The nebular hypothesis is well accepted regarding the source of the material, the star-forming nebula settling into a circumstellar disk (a protoplanetary disk) from which the planets are formed. The two general models for the commencement of planet formation are the gravitational instability model, that the swirling disk forms volumes that reach the Jeans criterion, ultimately forming gas planets, and the core accretion model which presumes the planetary embryo commenced with clumping of dust grains. The latter mechanism is favored for rocky planets, and some favor it for some or all of the giant planets as well, e.g., to explain those that have rocky-planet-like cores. It presumes the presence material that can become solid, i.e., metals, thus assumes a certain metallicity in the disk and star, an assumption testable by survey. Whether a planet ends up rocky or gas/giant may well depend upon how much gas is left in the disk: protoplanetary disk lifetimes are sufficiently short that gas could disappear during the process (pulled into planets, the host star, and blown free, e.g., by the host's radiation pressure). For giant planets, a commencement through core accretion is colloquially known as cold start, because it is thought that it would leave significantly less heat in the planet than gravitational instability, which is thus known as hot start: these alternatives are thought to affect the subsequent composition of the planet, which in turn, can be used to determine the planet's type of formation. A factor in the formation process is whether the formation occurs beyond the snow line, in which case, the dust may include volatiles such as ice, which within the subsequent planet may be heated to liquid or gas.
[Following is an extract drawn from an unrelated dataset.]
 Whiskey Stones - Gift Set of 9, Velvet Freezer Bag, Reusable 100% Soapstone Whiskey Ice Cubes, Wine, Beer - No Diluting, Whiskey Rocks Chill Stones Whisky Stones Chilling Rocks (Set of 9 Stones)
Gravity plays a role in both gravitational instability and in the accretion of gas forming atmospheres. A Keplerian disk is no more than a first approximation of a protoplanetary disk, with radiation pressure and gas pressure playing roles, as well as dynamical interaction such as wind shear (WISH). A radius around a growing planet where its gravity dominates is not the same as the Hill radius, but is smaller because it includes other effects (e.g., Bondi radius).
The assumption is that dust may be inherited from the molecular cloud forming the host star, and/or may form in the disk from gas, after which it combines into small solid bodies of increasing scale up to planet sized. The challenge is to provide plausible means by which growth can continue at each size, and the specific challenges are commonly referred to as barriers, i.e., places in the growth process where there are seeming impediments to further growth. One notion is that protoplanetary disks form striae such that dust collects into pebble-size bunches, and that the fluid dynamics of the disk tend to bring these to the forming planets (pebble accretion).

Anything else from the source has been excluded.